| TASK GOAL |
Reproduce from the records below, with no pictures, exactly the lines between the one containing "Now, execute the" and the one containing "As the test", inclusive.

| MATERIAL FOR THIS TASK |
========================================================================
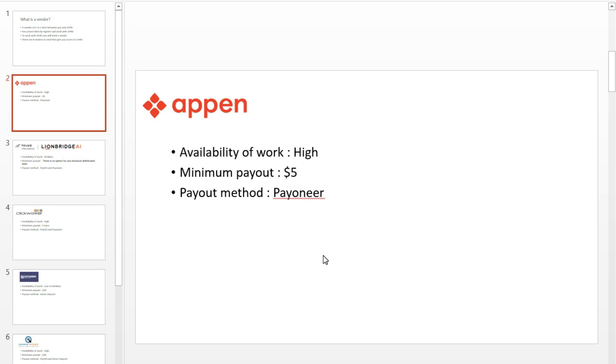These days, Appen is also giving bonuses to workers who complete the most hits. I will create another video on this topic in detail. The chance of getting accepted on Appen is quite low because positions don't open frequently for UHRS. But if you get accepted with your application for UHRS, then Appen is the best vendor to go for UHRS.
========================================================================
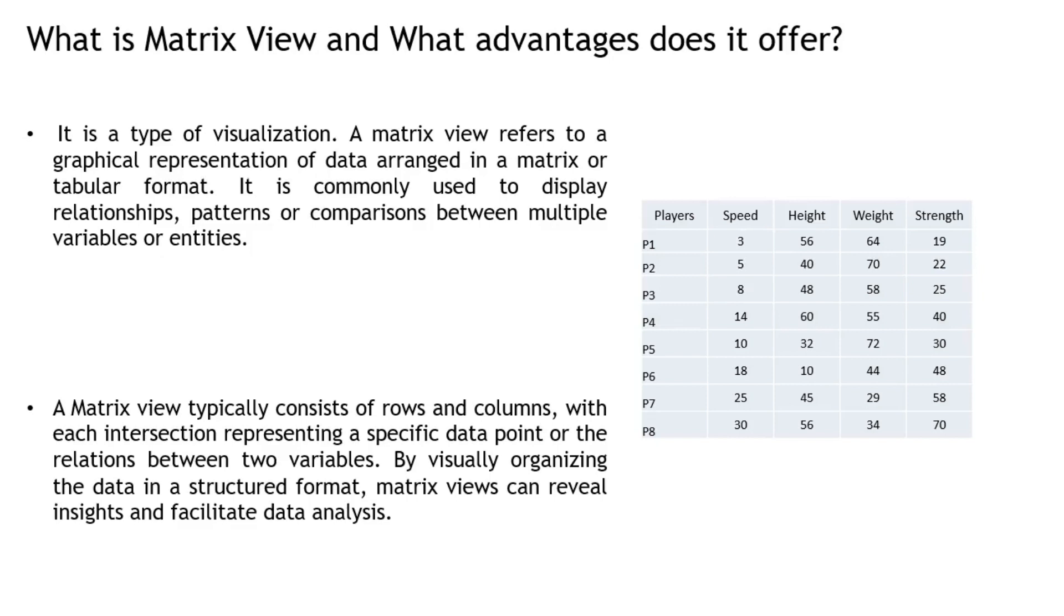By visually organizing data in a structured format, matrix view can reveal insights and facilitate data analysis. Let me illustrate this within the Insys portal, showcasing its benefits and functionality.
========================================================================
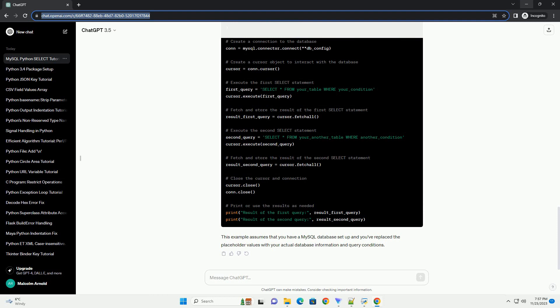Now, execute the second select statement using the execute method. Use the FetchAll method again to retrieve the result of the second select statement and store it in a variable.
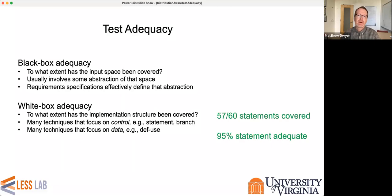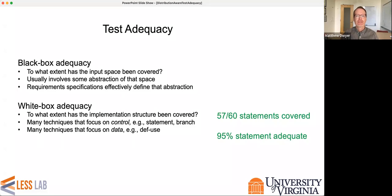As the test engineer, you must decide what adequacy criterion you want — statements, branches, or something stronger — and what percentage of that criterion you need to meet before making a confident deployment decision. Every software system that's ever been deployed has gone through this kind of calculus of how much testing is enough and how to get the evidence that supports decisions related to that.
========================================================================
| EXPECTED OUTPUT |
Now, execute the second select statement using the execute method. Use the FetchAll method again to retrieve the result of the second select statement and store it in a variable.
As the test engineer, you must decide what adequacy criterion you want — statements, branches, or something stronger — and what percentage of that criterion you need to meet before making a confident deployment decision. Every software system that's ever been deployed has gone through this kind of calculus of how much testing is enough and how to get the evidence that supports decisions related to that.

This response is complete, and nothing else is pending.